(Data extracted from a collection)
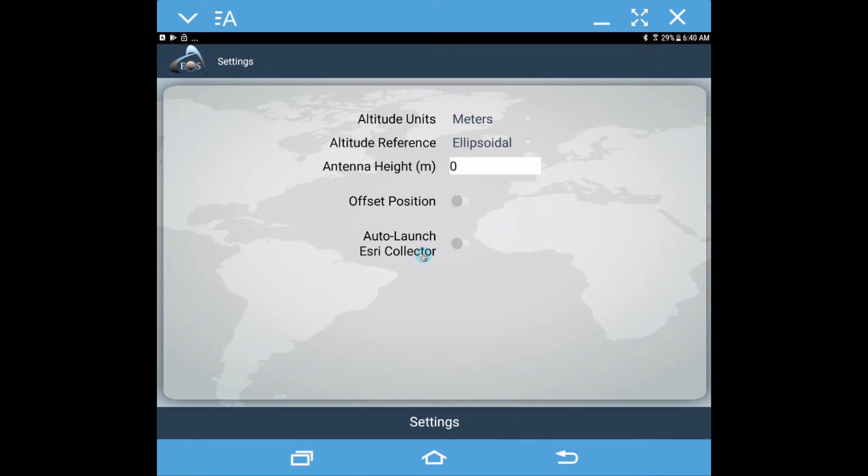And then there's also this new function here that is auto launch Esri Collector, so that once everything's set up and you go to work day after day, what you can do is power everything on, open EOS Tools Pro, and it will automatically launch you into your collector app.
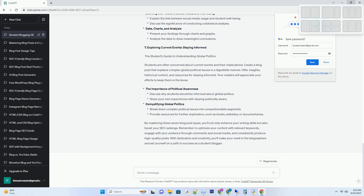By mastering these seven blog post types, you'll not only enhance your writing skills but also boost your SEO rankings. Remember to optimize your content with relevant keywords, engage with your audience through comments and social media, and consistently produce high-quality posts. With dedication and creativity, you'll make your mark in the blogosphere and set yourself on a path to success as a student blogger.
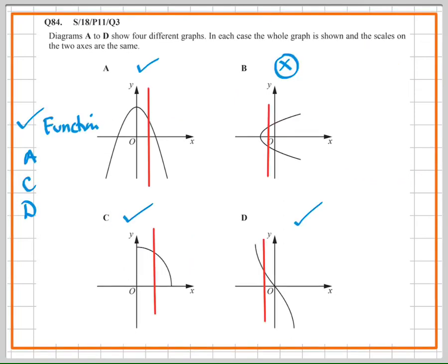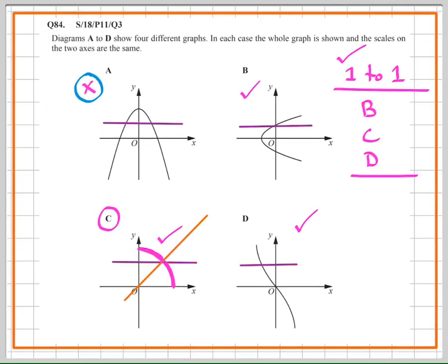You can pause the video to double-check using your past papers book. That finishes this first video on functions — covering the basic concept of function versus relation using the vertical line test (VLT), and many-to-one versus one-to-one using the horizontal line test (HLT). Stay tuned for more videos.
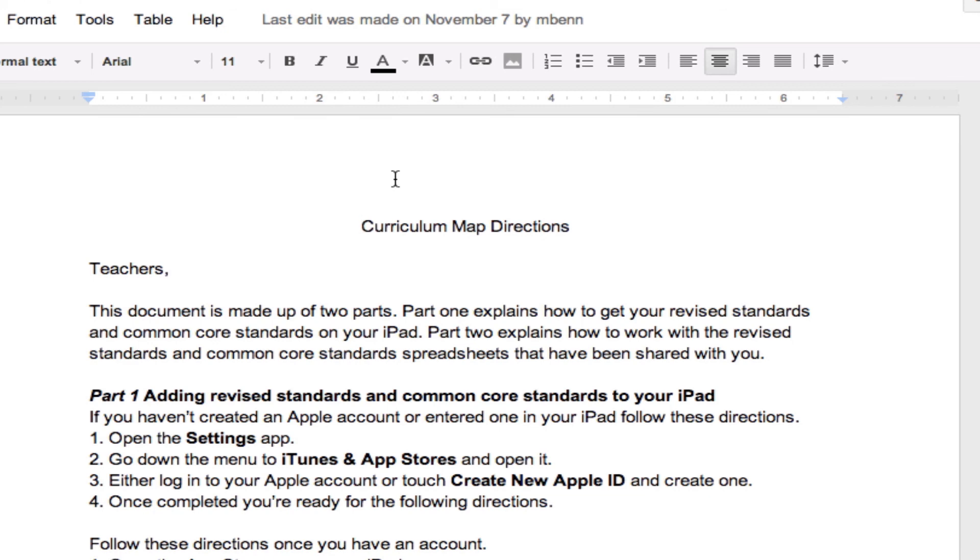So, that is another way of sharing a document by publishing it to the web in Google Apps for Education. This ends this tutorial.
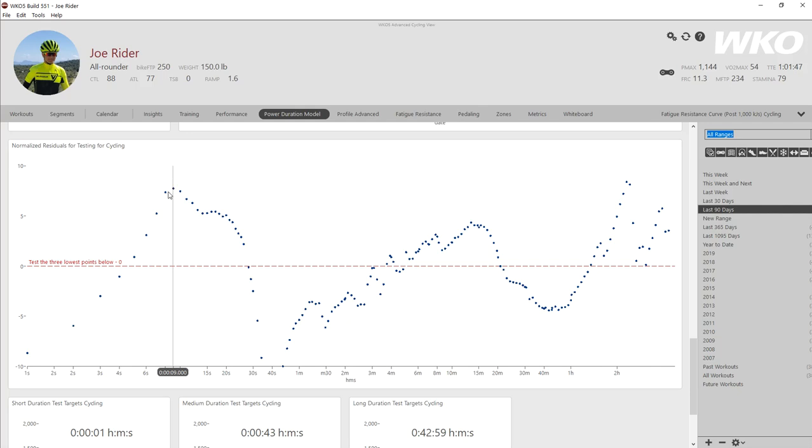The trick towards proper management of a power duration curve is to use the unstructured testing taught in other videos in the education center to get these blue dots, the actual mean max power closer to the red line over time. And this is done in an unstructured testing format once your baseline is completed.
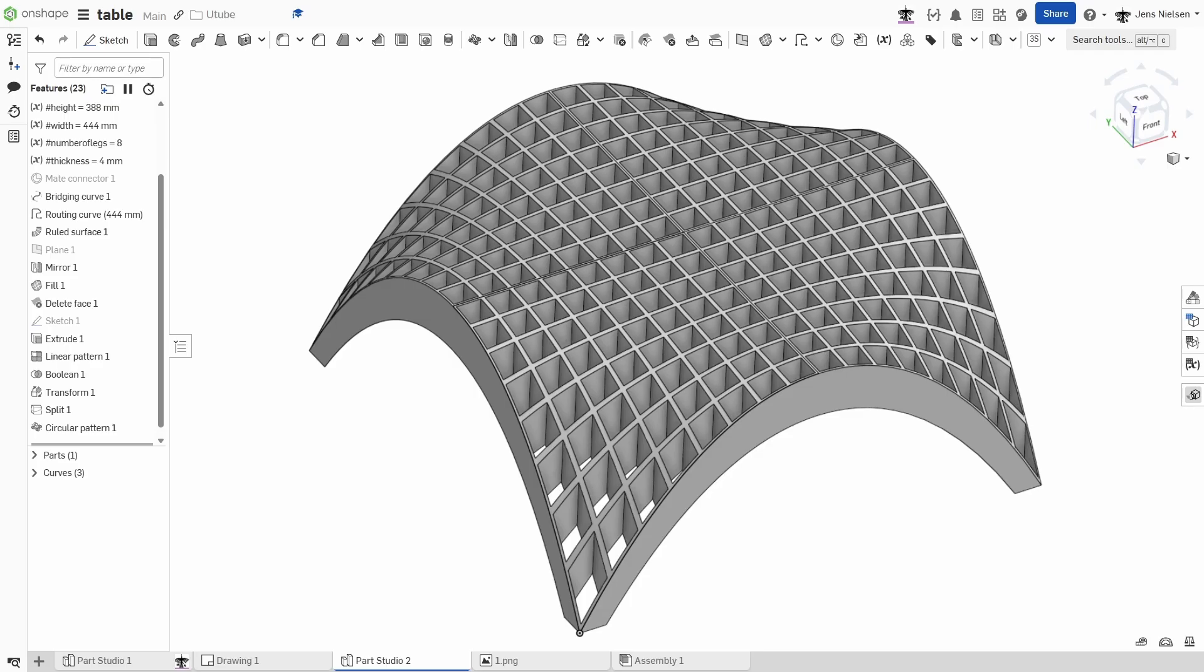If you found this tutorial helpful, please give it a thumbs up. Subscribe to the Catamist channel for more advanced Onshape tutorials. And hit that notification bell so you don't miss the next video. Thanks for watching.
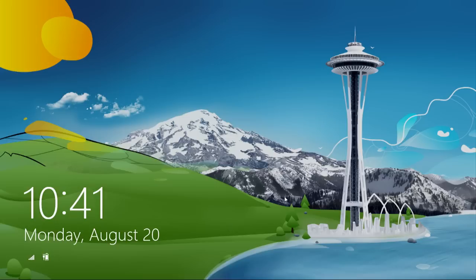Hey, I'm Will from Tested. I'm Norm from Tested. Norm, are we in Seattle? Last I checked we were in San Francisco, but it was raining this morning so it could be Seattle. This looks like Seattle. This is weird.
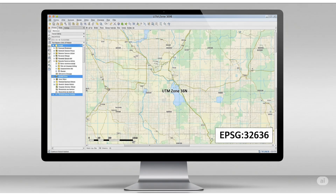EPSG 32736 is for the same zone in the southern hemisphere. Always make sure you're using the correct UTM zone and datum when importing or exporting spatial data to avoid location shifts.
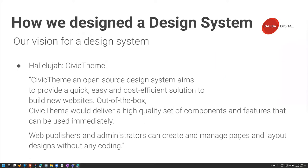So we came up with a vision for a design system and called it Civic Theme. Civic Theme is an open source design system which aims to provide a quick, easy, and cost-effective solution to building new websites. Out of the box, Civic Theme delivers a high quality set of components and features that can be used immediately. Web publishers and administrators - non-coding people - can create and manage page designs and layouts without coding. A lot of government agencies kept telling us they needed to always engage a design agency or development partner to make changes to their sites.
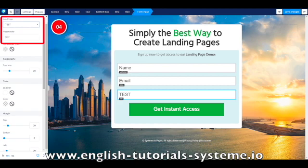Don't forget to save changes by clicking on the button on the top right corner of your screen. If you like this video please share and subscribe to our channel. Thank you for watching, and see you soon.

**TASK INSTRUCTIONS:** Above are the records; repeat them all exactly, without the pictures.

**EXERCISE ANSWER:**
And then there's also this new function here that is auto launch Esri Collector, so that once everything's set up and you go to work day after day, what you can do is power everything on, open EOS Tools Pro, and it will automatically launch you into your collector app.
By mastering these seven blog post types, you'll not only enhance your writing skills but also boost your SEO rankings. Remember to optimize your content with relevant keywords, engage with your audience through comments and social media, and consistently produce high-quality posts. With dedication and creativity, you'll make your mark in the blogosphere and set yourself on a path to success as a student blogger.
You can pause the video to double-check using your past papers book. That finishes this first video on functions — covering the basic concept of function versus relation using the vertical line test (VLT), and many-to-one versus one-to-one using the horizontal line test (HLT). Stay tuned for more videos.
So, that is another way of sharing a document by publishing it to the web in Google Apps for Education. This ends this tutorial.
The trick towards proper management of a power duration curve is to use the unstructured testing taught in other videos in the education center to get these blue dots, the actual mean max power closer to the red line over time. And this is done in an unstructured testing format once your baseline is completed.
If you found this tutorial helpful, please give it a thumbs up. Subscribe to the Catamist channel for more advanced Onshape tutorials. And hit that notification bell so you don't miss the next video. Thanks for watching.
Hey, I'm Will from Tested. I'm Norm from Tested. Norm, are we in Seattle? Last I checked we were in San Francisco, but it was raining this morning so it could be Seattle. This looks like Seattle. This is weird.
EPSG 32736 is for the same zone in the southern hemisphere. Always make sure you're using the correct UTM zone and datum when importing or exporting spatial data to avoid location shifts.
So we came up with a vision for a design system and called it Civic Theme. Civic Theme is an open source design system which aims to provide a quick, easy, and cost-effective solution to building new websites. Out of the box, Civic Theme delivers a high quality set of components and features that can be used immediately. Web publishers and administrators - non-coding people - can create and manage page designs and layouts without coding. A lot of government agencies kept telling us they needed to always engage a design agency or development partner to make changes to their sites.
Don't forget to save changes by clicking on the button on the top right corner of your screen. If you like this video please share and subscribe to our channel. Thank you for watching, and see you soon.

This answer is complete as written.